■ **Instructions to follow**
Copy each entry precisely as written, and do not carry over the pictures.

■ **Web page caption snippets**
· · ·

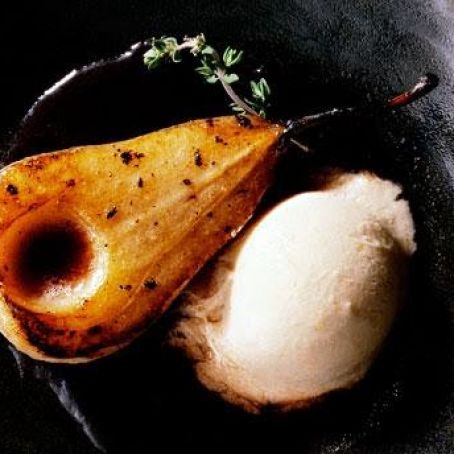 Bosc Pears in Rose Wine with Persimmon Ice Cream
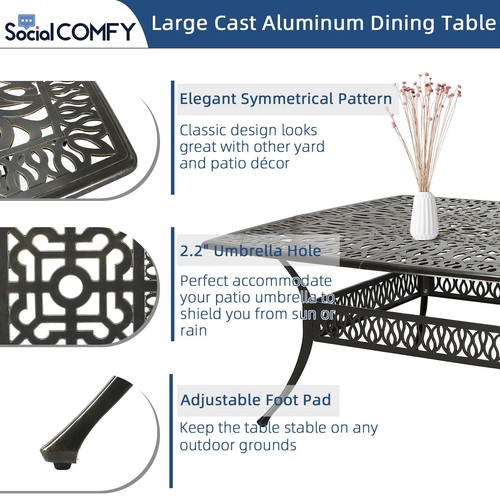 9 Piece Outdoor Patio Dining Set Cast Aluminum Furniture Table and Swivel Chairs - Picture 66 of 72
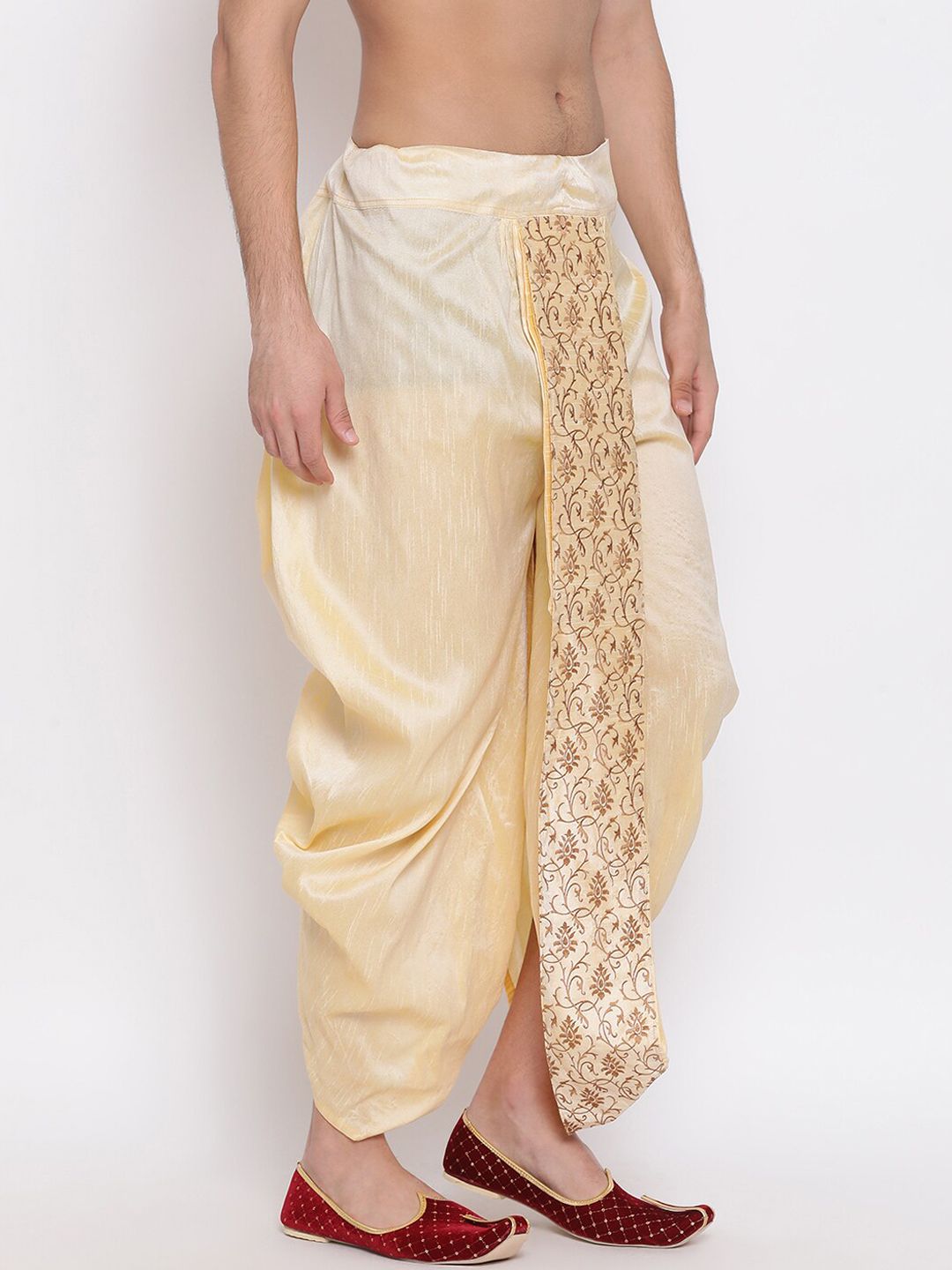 VASTRAMAY Men Beige & Gold-Coloured Embroidered Silk Dhoti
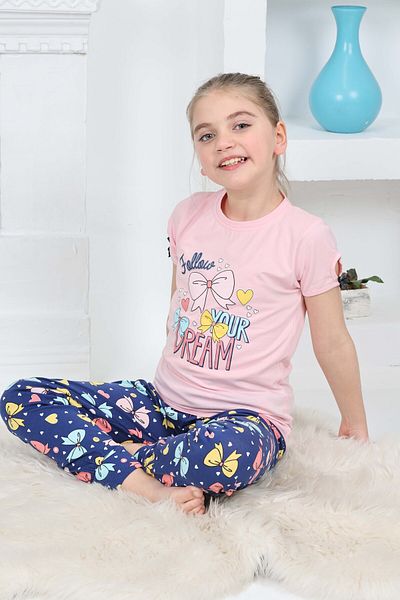 FORMO Girls' 100% Natural Cotton Short Sleeve Quality Pajama Set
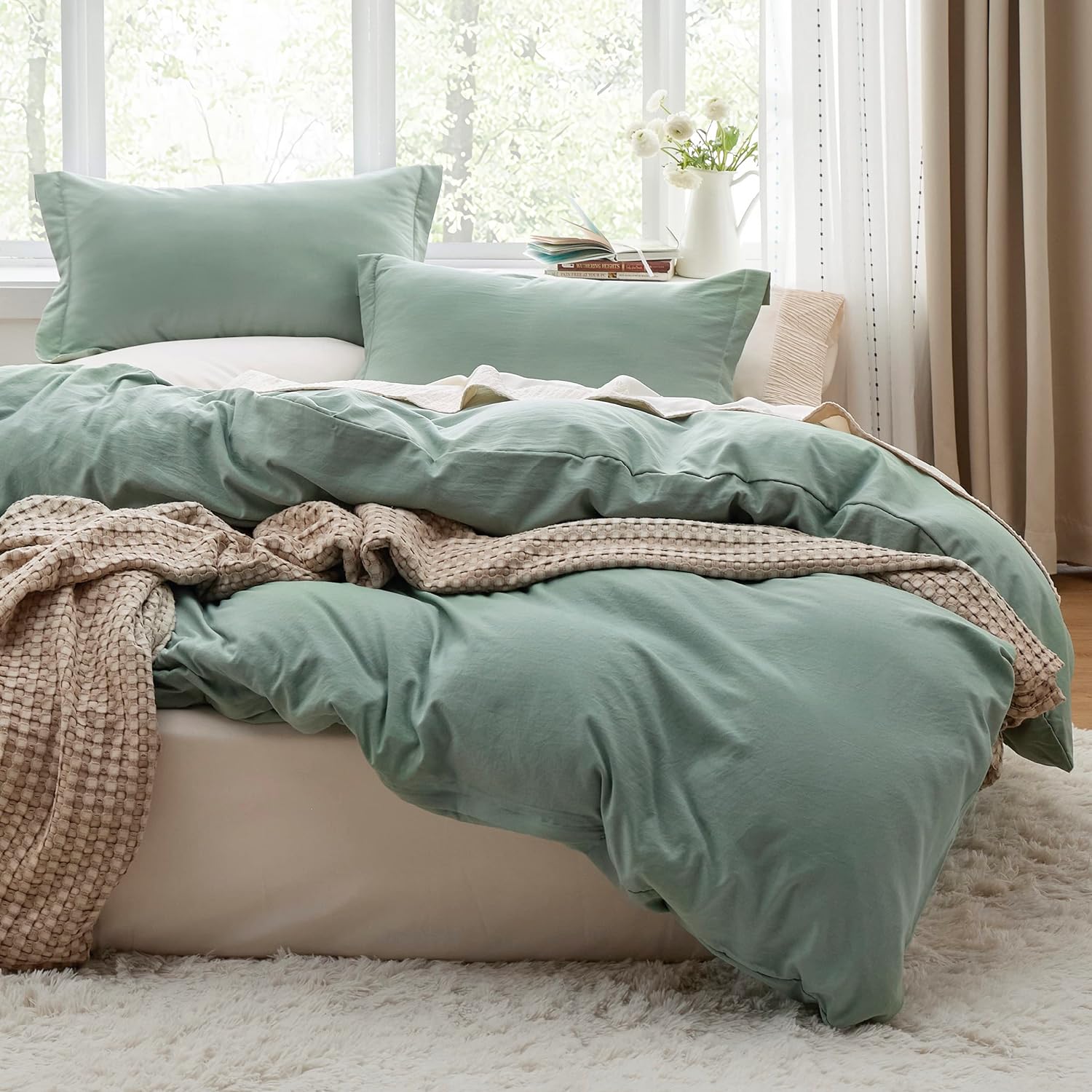 Comprehensive Review of Bedsure Sage Green Duvet Cover Set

· · ·

■ **Exercise response**
 Bosc Pears in Rose Wine with Persimmon Ice Cream
 9 Piece Outdoor Patio Dining Set Cast Aluminum Furniture Table and Swivel Chairs - Picture 66 of 72
 VASTRAMAY Men Beige & Gold-Coloured Embroidered Silk Dhoti
 FORMO Girls' 100% Natural Cotton Short Sleeve Quality Pajama Set
 Comprehensive Review of Bedsure Sage Green Duvet Cover Set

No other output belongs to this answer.